This Court may grant habeas corpus relief only when the state court has violated or unreasonably applied a clearly established holding of the Supreme Court. See 28 U.S.C. § 2254(d); Williams, 529 U.S. at 412. In the absence of clearly established Supreme Court precedent establishing a free-standing claim of actual innocence, Petitioner's claim is without merit. The Sixth Circuit repeatedly has held that free-standing claims of actual innocence are not cognizable on habeas corpus review. See Smith v. Nagy, 962 F.3d 192, 206 (6th Cir. 2020) (citing Schlup and Herrera); Cress, 484 F.3d at 854 (citing cases). Even if Petitioner could invoke this exception and obtain habeas relief on his freestanding innocence claim, he would have to meet both of the requirements set forth above and then overcome the “extraordinarily high” threshold. Petitioner fails the first requirement. This is not a capital case, and thus, the concern about the unconstitutionality of executing a defendant who has shown persuasive evidence of actual innocence is not implicated. See Herrera, 506 U.S. at 417 (“We first point out the obvious - that this is not, in fact, a capital case.”).
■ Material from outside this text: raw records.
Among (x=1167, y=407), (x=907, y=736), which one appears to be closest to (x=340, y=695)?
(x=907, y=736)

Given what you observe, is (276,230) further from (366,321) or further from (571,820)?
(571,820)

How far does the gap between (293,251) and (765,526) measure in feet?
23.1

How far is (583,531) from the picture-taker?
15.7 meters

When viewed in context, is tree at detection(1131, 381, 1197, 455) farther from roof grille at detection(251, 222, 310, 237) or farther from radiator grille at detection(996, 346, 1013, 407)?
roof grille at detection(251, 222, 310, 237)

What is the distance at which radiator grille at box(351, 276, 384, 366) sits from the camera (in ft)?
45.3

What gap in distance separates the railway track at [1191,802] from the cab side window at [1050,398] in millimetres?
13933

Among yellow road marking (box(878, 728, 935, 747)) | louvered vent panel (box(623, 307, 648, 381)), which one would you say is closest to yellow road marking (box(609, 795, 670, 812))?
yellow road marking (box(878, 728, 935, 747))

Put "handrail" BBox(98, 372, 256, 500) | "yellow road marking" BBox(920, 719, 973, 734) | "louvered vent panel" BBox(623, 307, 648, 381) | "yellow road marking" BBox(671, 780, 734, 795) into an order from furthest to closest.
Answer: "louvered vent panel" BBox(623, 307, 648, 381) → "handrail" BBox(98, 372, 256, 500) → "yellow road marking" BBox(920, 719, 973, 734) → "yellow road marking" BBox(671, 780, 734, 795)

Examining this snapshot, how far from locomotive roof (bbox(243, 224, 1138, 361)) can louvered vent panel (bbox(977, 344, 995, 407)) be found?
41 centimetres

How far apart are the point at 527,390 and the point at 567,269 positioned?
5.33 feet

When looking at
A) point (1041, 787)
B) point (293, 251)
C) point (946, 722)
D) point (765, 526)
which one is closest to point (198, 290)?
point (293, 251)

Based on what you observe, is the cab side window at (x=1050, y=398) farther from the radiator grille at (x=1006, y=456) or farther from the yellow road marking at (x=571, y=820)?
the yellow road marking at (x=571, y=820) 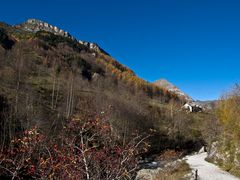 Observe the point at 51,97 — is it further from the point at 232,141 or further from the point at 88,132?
the point at 88,132

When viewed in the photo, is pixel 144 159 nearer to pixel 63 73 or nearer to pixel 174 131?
pixel 174 131

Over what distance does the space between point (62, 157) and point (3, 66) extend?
6277 cm

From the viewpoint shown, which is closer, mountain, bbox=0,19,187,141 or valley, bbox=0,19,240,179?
valley, bbox=0,19,240,179

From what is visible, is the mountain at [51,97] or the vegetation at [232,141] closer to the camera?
the vegetation at [232,141]

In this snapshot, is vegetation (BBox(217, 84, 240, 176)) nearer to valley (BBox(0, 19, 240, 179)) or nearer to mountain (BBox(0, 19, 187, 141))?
valley (BBox(0, 19, 240, 179))

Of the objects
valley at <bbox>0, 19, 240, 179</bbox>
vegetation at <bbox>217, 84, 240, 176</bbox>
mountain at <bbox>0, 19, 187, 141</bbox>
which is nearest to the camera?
valley at <bbox>0, 19, 240, 179</bbox>

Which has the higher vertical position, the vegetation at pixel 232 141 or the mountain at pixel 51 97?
the mountain at pixel 51 97

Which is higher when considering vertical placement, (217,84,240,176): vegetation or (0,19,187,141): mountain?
(0,19,187,141): mountain

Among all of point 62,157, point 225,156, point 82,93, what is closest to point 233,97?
point 225,156

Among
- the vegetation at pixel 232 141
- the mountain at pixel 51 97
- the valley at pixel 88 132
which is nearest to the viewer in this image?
the valley at pixel 88 132

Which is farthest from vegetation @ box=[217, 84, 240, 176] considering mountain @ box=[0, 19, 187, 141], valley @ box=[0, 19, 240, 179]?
mountain @ box=[0, 19, 187, 141]

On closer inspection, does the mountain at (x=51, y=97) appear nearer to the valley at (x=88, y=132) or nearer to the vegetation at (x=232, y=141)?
the valley at (x=88, y=132)

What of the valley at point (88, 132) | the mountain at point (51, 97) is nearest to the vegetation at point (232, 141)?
the valley at point (88, 132)

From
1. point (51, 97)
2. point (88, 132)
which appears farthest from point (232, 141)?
point (51, 97) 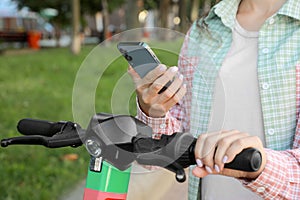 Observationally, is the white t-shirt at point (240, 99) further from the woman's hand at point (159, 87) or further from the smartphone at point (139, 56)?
the smartphone at point (139, 56)

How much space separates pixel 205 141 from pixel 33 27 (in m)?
42.4

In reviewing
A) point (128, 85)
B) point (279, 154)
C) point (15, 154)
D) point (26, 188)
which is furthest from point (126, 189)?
point (15, 154)

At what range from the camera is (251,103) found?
5.58 feet

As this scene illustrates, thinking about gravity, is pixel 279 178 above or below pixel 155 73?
below

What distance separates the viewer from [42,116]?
23.0 ft

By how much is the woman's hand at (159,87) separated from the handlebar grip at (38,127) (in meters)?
0.22

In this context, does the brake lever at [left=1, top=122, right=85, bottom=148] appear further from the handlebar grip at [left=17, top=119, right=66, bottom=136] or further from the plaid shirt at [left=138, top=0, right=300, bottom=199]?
the plaid shirt at [left=138, top=0, right=300, bottom=199]

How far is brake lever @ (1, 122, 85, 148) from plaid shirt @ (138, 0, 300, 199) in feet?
0.67

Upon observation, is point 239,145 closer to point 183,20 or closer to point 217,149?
point 217,149

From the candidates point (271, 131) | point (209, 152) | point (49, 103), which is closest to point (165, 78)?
point (209, 152)

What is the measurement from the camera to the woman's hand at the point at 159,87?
1145 millimetres

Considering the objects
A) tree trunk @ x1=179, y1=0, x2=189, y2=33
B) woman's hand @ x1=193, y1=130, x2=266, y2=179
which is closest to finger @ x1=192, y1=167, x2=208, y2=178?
woman's hand @ x1=193, y1=130, x2=266, y2=179

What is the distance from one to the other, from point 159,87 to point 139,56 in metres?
0.09

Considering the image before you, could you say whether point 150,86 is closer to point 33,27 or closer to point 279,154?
point 279,154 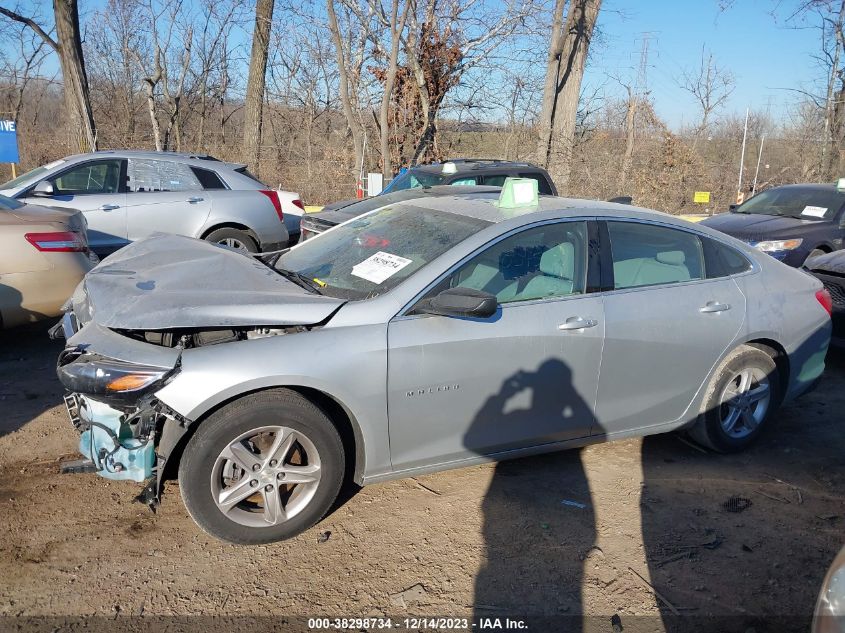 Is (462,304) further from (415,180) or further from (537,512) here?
(415,180)

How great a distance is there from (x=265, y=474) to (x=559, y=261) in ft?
6.44

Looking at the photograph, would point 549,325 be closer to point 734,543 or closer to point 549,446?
point 549,446

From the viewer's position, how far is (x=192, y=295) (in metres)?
3.25

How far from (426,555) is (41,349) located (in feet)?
14.6

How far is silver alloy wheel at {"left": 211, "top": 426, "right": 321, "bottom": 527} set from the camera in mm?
3068

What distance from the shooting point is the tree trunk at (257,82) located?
658 inches

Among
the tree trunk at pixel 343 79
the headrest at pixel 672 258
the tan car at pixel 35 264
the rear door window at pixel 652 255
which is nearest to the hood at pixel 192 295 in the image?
the rear door window at pixel 652 255

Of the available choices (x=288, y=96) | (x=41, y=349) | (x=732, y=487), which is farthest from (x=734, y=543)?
(x=288, y=96)

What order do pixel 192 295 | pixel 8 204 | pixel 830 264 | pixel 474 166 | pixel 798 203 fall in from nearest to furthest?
pixel 192 295 < pixel 8 204 < pixel 830 264 < pixel 474 166 < pixel 798 203

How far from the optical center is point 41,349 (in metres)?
5.95

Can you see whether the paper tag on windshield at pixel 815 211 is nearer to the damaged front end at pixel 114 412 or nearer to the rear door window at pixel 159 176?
the rear door window at pixel 159 176

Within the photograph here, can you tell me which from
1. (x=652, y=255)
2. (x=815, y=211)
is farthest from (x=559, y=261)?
(x=815, y=211)

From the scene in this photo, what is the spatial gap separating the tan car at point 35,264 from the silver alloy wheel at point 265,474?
3.26 m

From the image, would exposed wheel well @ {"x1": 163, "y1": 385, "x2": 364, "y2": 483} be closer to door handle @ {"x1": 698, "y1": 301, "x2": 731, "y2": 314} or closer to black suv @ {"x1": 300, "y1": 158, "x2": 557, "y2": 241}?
door handle @ {"x1": 698, "y1": 301, "x2": 731, "y2": 314} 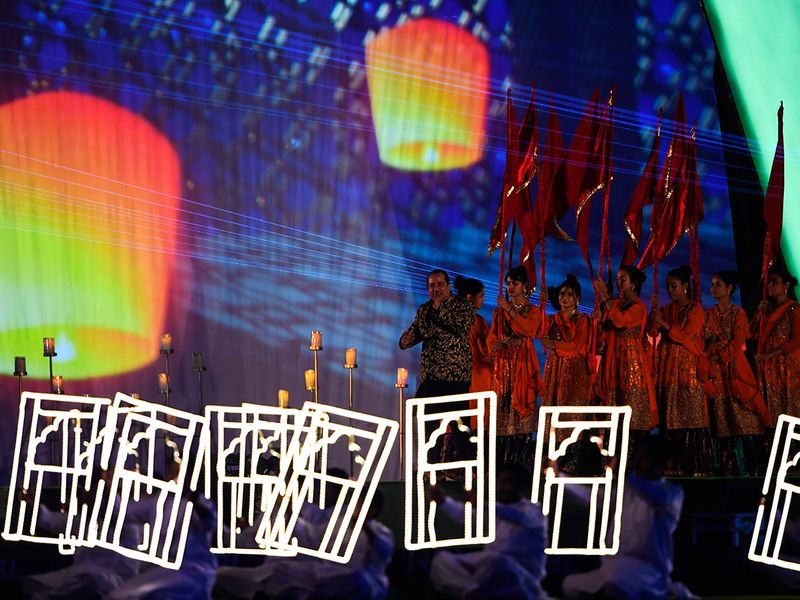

Accordingly, Petitioner cannot obtain habeas corpus relief on his freestanding claims of actual innocence, and he is not entitled to habeas relief with respect to grounds V and VI.

F. Ground VII-Denial of Rule 6.500 Motion

As his seventh and final ground for relief, Petitioner faults the state courts for denying his Rule 6.500 motion. (Am. Pet., ECF No. 14, PageID.130.) Petitioner argues that he was entitled to relief pursuant to Rule 6.500 because he “has satisfied the requirements of good cause and actual prejudice” set forth in Michigan Court Rule 6.508(D). (Br. Supp. Am. Pet., ECF No. 15, PageID.178.)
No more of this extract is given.